I like pairwise() as a function name and I really like the way that it's used here in the same way as across() would be. My guess is that, in order to make it work inside of mutate(), summarise() etc, it would need to be part of dplyr. Because that's where it seems the required plumbing is (that makes eg. across() do what it does).

brshallo · February 24, 2021, 7:57pm

@lionel any tips on how to go about getting a tidyselected set of columns and then applying a function to the permuted sets of those columns in a way that would facilitate above?

carlomedina · February 25, 2021, 5:41am

@brshallo I saw your message on r4ds about this and thought it's pretty nifty use case!

This is the first time I'm going through the internal of across.R and I don't really understand it that well (I need to join an advance R r4ds book club...), but with pattern matching and not-so-clean code, I think I was able to prototype it within the dplyr codebase

Using your examples above, I think this somewhat replicates the output

devtools::install_github("carlomedina/dplyr", ref="pairwise")
cor_p_value <- function(x, y){
  stats::cor.test(x, y)$p.value
}

ks_p_value <- function(x, y){
  stats::ks.test(x, y, exact = F)$p.value
}

iris %>% 
  group_by(Species) %>%
  summarise(
    pairwise(
      .col = where(is.numeric),
      .fns = list(ksp = ks_p_value, corp = cor_p_value),
      .is_commutative  = TRUE
    )
  ) %>% 
  glimpse()

iris %>% 
  group_by(Species) %>%
  summarise(
    pairwise(
      .col = where(is.numeric),
      .fns = list(ksp = ks_p_value, corp = cor_p_value),
      .is_commutative  = FALSE
    )
  ) %>% 
  glimpse()

iris %>% 
  mutate(
    pairwise(
      .col = where(is.numeric), 
      .fns = ~ .x / .y, 
      .names = "ratio_{.col_x}_{.col_y}",
      .is_commutative = TRUE
    )
  ) %>% 
  glimpse()

iris %>% 
  mutate(
    pairwise(
      .col = where(is.numeric), 
      .fns = ~ .x / .y, 
      .names = "ratio_{.col_x}_{.col_y}",
      .is_commutative = FALSE
    )
  ) %>% 
  glimpse()

slight change in the API (commutative as opposed to associative)

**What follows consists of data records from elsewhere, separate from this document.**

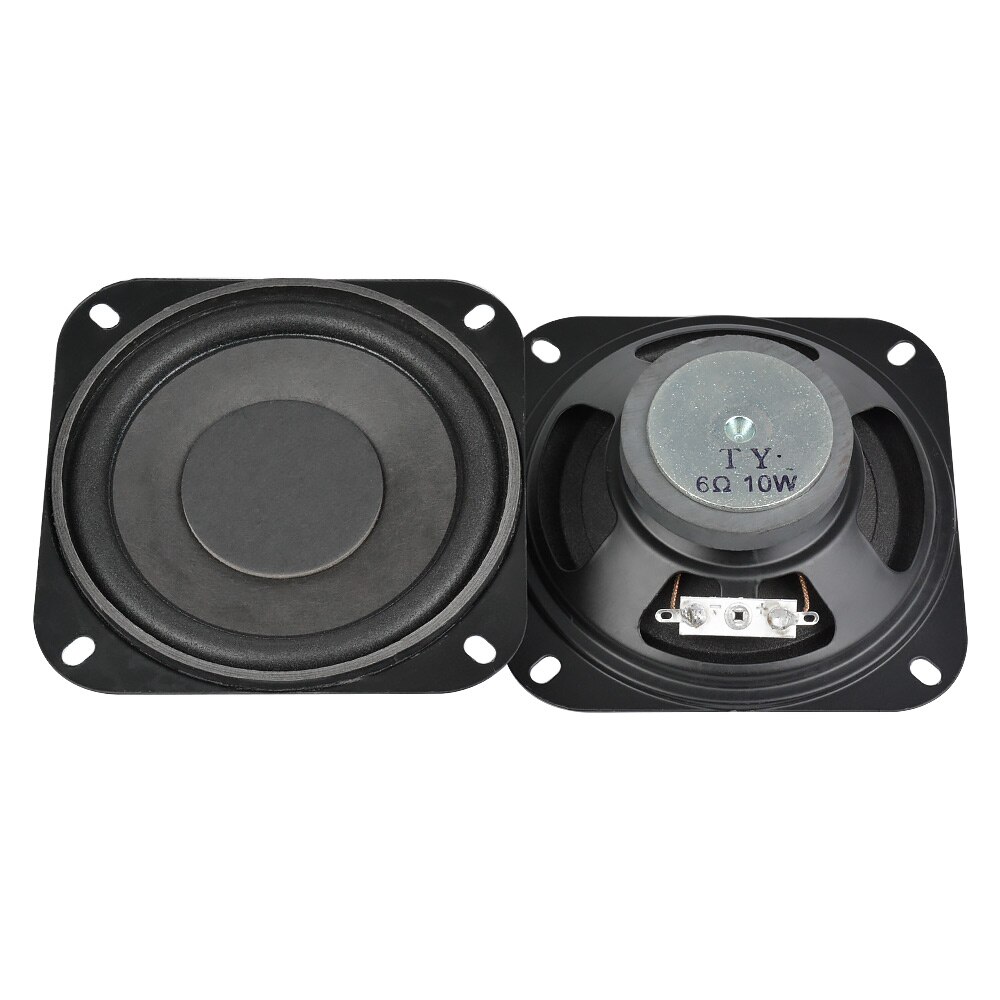 AIYIMA 2 Stuks 4 Inch Audio Draagbare Subwoofer Speakers 6Ohm 10 W DIY Home Theater Sound System Draadloze Altavoz Bluetooth speaker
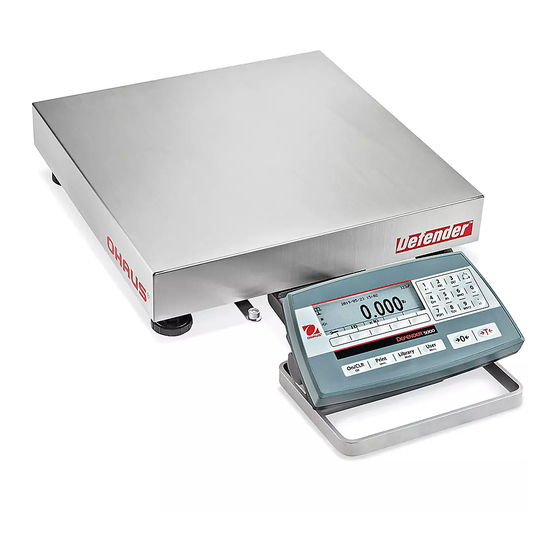 Uline OHAUS DEFENDER 5000 Manual Del Usuario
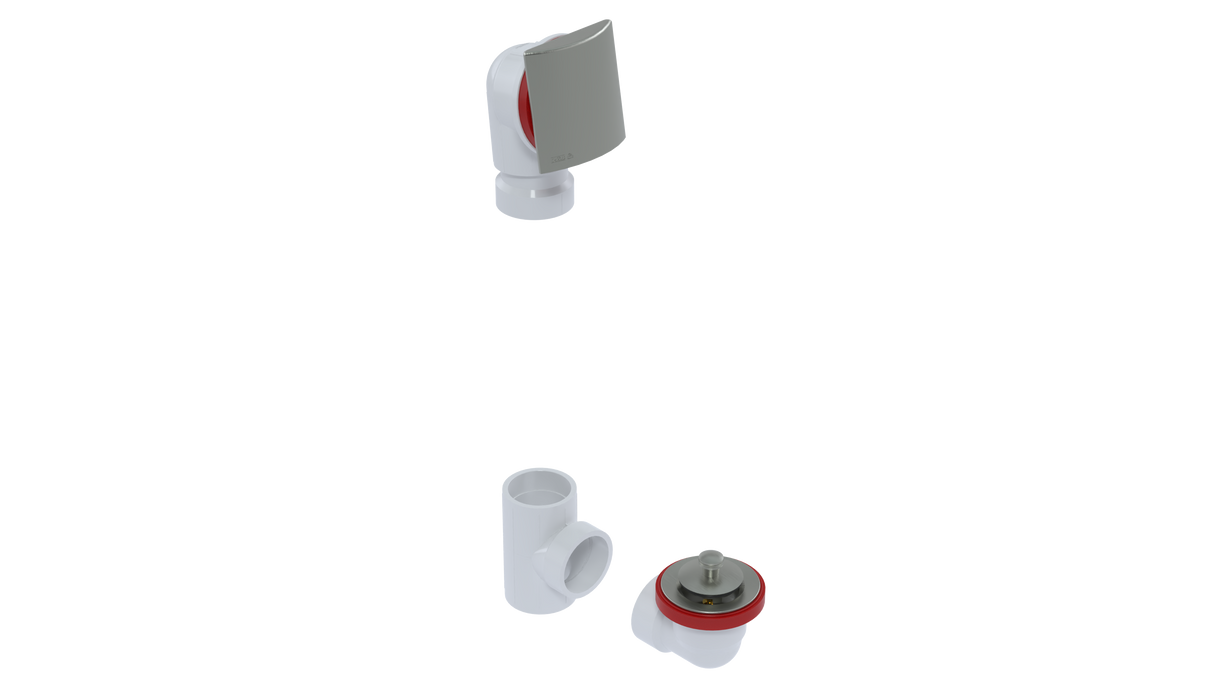 PVC OFFSET WASTE & OVERFLOW LIFT & TURN KIT (5151LK)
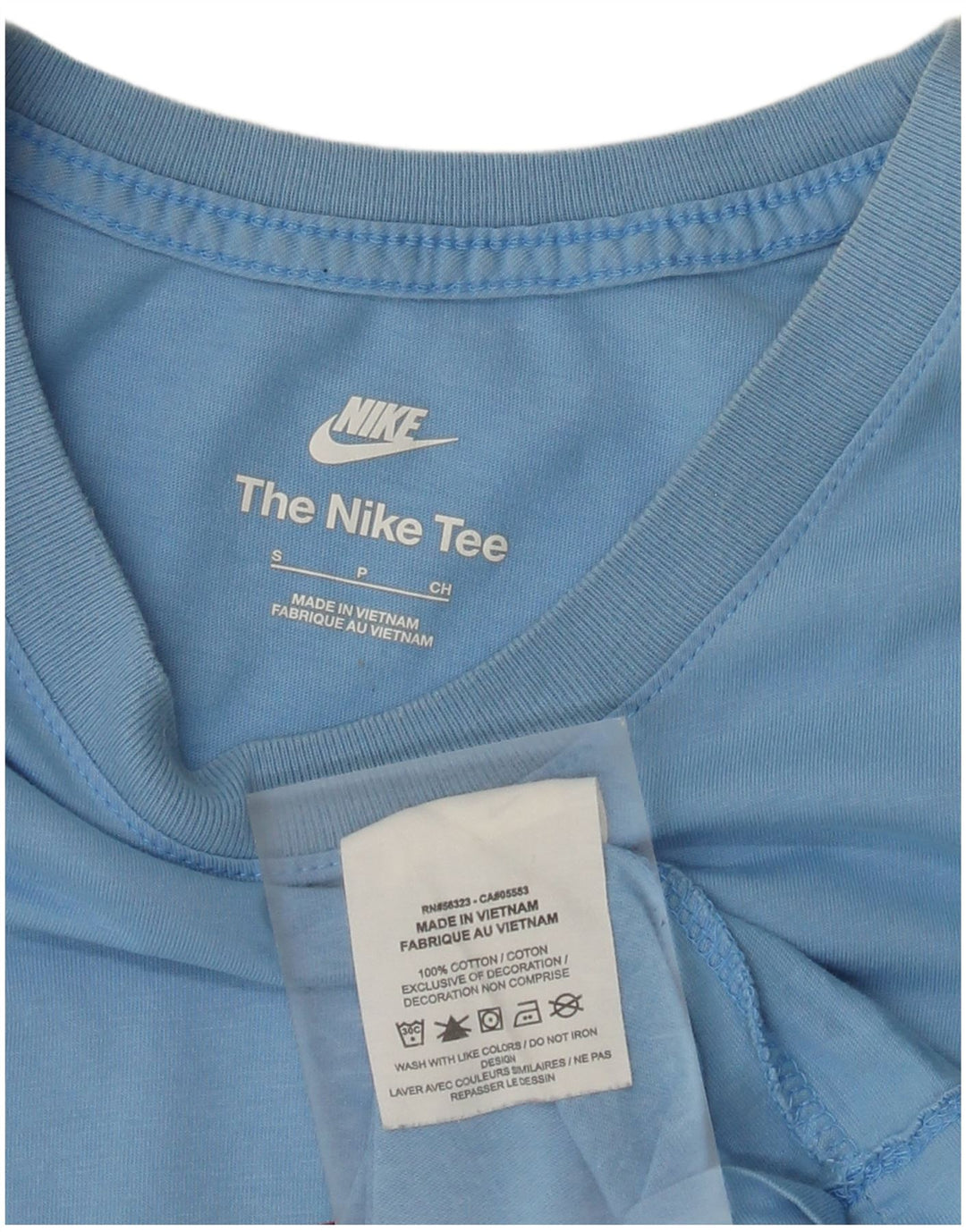 Ανδρικό γραφικό μπλουζάκι Nike, μικρό μπλε βαμβακερό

lionel · February 25, 2021, 8:13am

I think you could implement pairwise() using tidyselect to take the selection, and dplyr::cur_data() to get the current data frame. Note that with grouped data frames it won't be as performant as across() because dplyr tries to inline across() operations when possible.

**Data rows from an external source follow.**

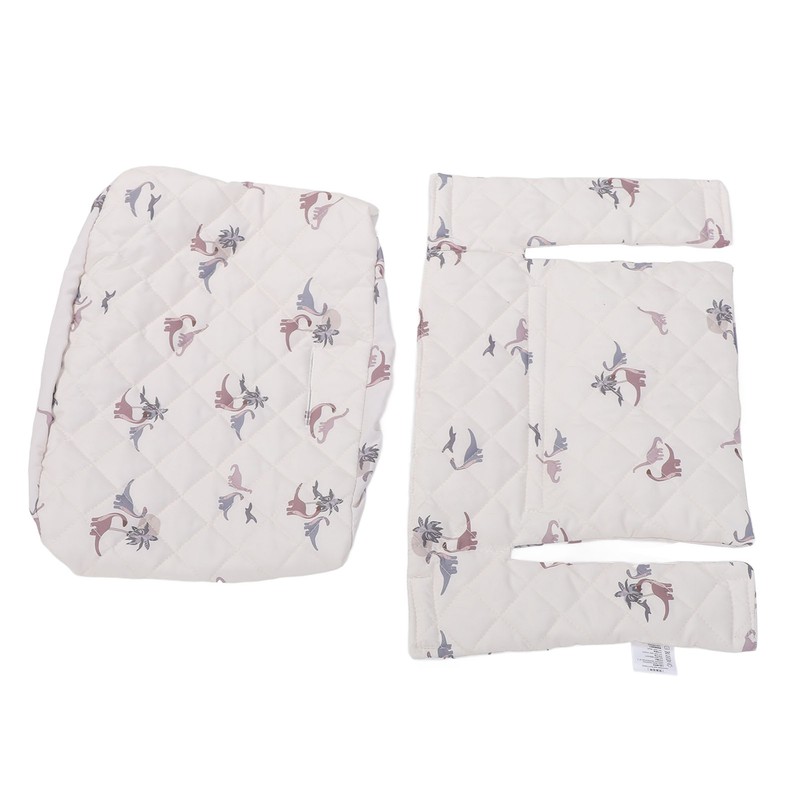 Baby High Chair Cushion Waterproof Nylon Seat and Back Protection
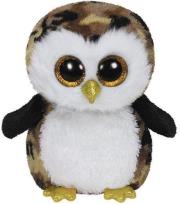 Opakowanie Beanie Boos Owliver - czarno-brązowa sowa średnia
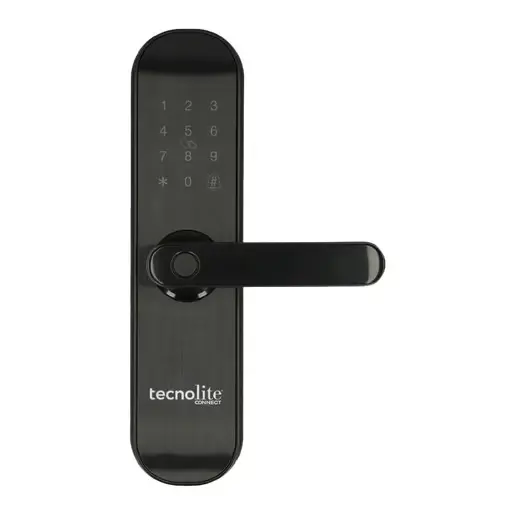 [CIE202VCDTCW-BD] CERRADURA INTELIGENTE WIFI CON TIMBRE IP43, TECNOLITE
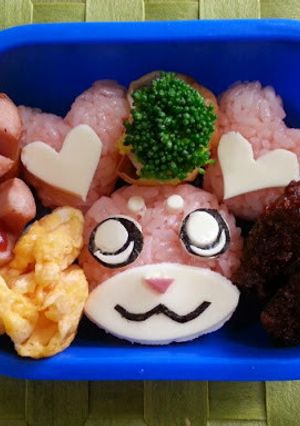 妖怪ウォッチキャラ弁☆ズキュキュン太-レシピのメイン写真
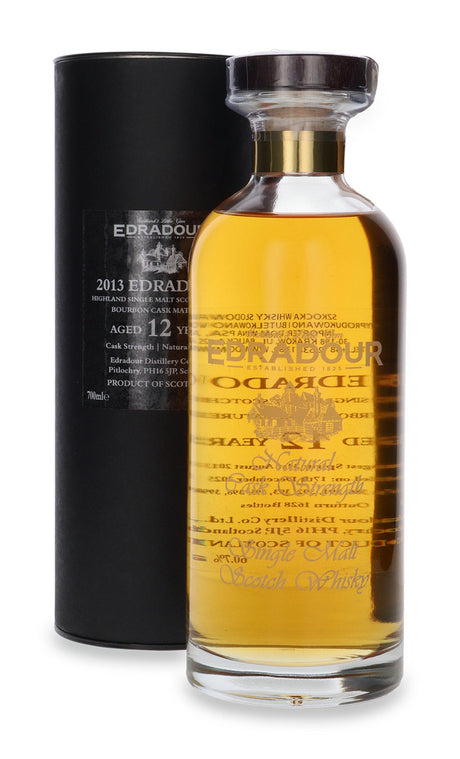 Edradour 12 Year Old (D.2013, B.2025) Bourbon Cask Matured Ibisco Decanter Single Malt Scotch Whisky | 700ML at CaskCartel.com
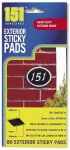 Exterior Sticky Pads 80 Pack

brshallo · February 25, 2021, 9:58pm

@carlomedina , just tried it out, this is awesome!! Great work!! Thanks for fixing arg name to .is_commutative. I’ll try and look through the code some next week (I also need to go through advanced R more so will be a bit of a slog for me) and leave a longer reply.

brshallo · March 4, 2021, 6:06pm

@lionel per jameslairdsmith's comment above do you think the tidyverse team would have any interest in a pairwise() like function? (E.g. a similar fun might be pwise() with a p argument for applying functions on permutations with choose >= 2.)

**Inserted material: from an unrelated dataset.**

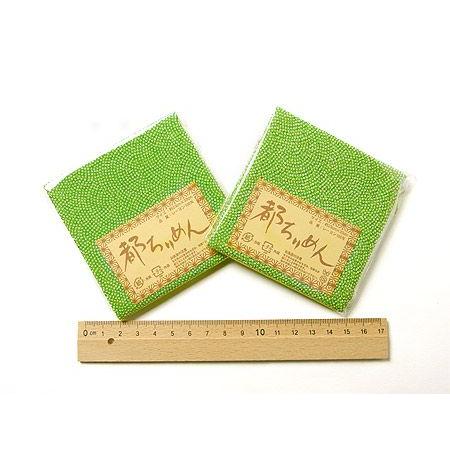 ちりめんカットクロス・鮫小紋（緑）23×33cm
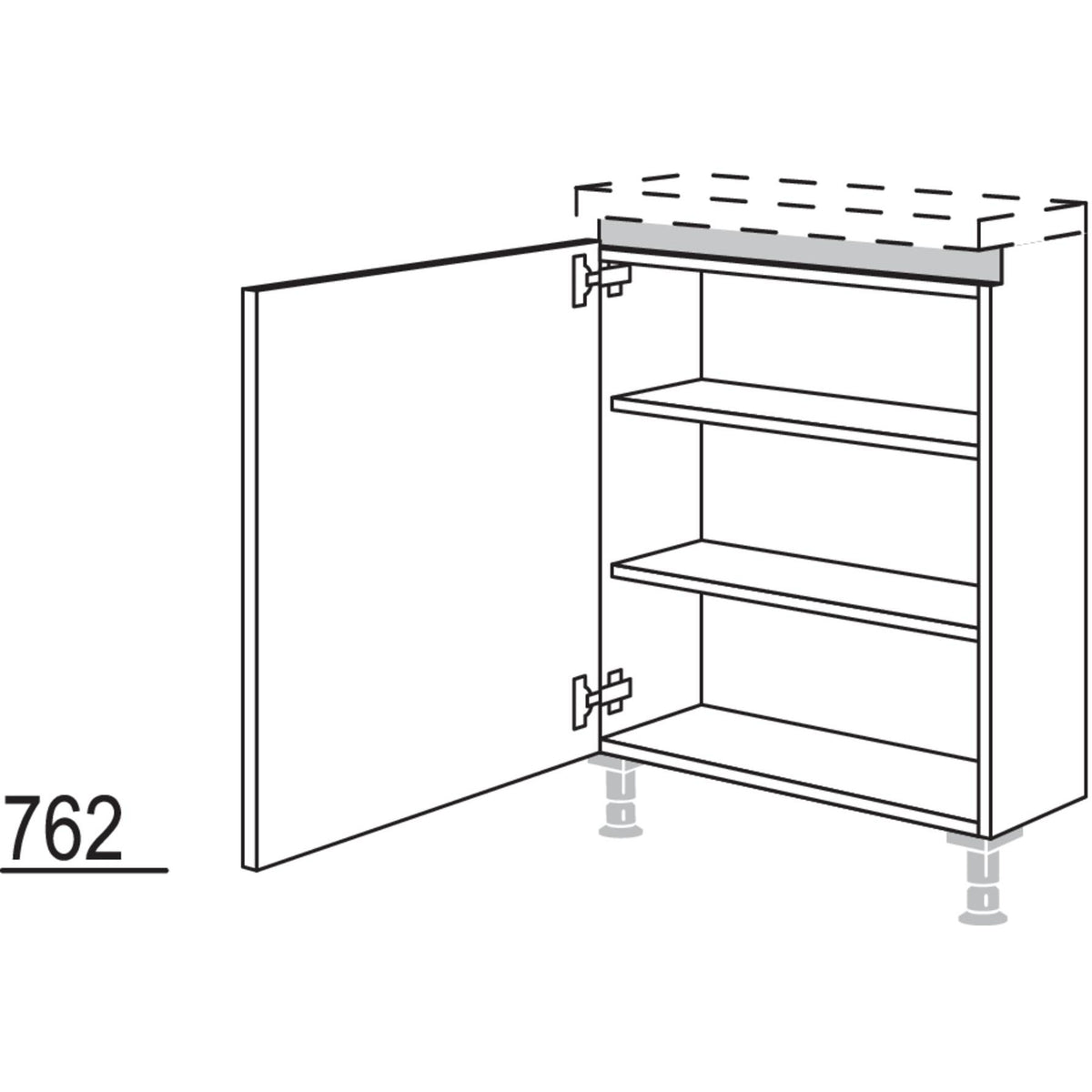 Nobilia XL-Rahmenteil fuer Inselplanungen NURTI30-X 58593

If the answer is 'maybe' @carlomedina and I had discussed opening an issue/feature request on dplyr's github pointing to his prototype.

lionel · March 5, 2021, 5:48am

To me it feels out of scope for dplyr but I don't know. cc @romain and @hadley

system · March 12, 2021, 5:48am

This topic was automatically closed 7 days after the last reply. New replies are no longer allowed.

If you have a query related to it or one of the replies, start a new topic and refer back with a link.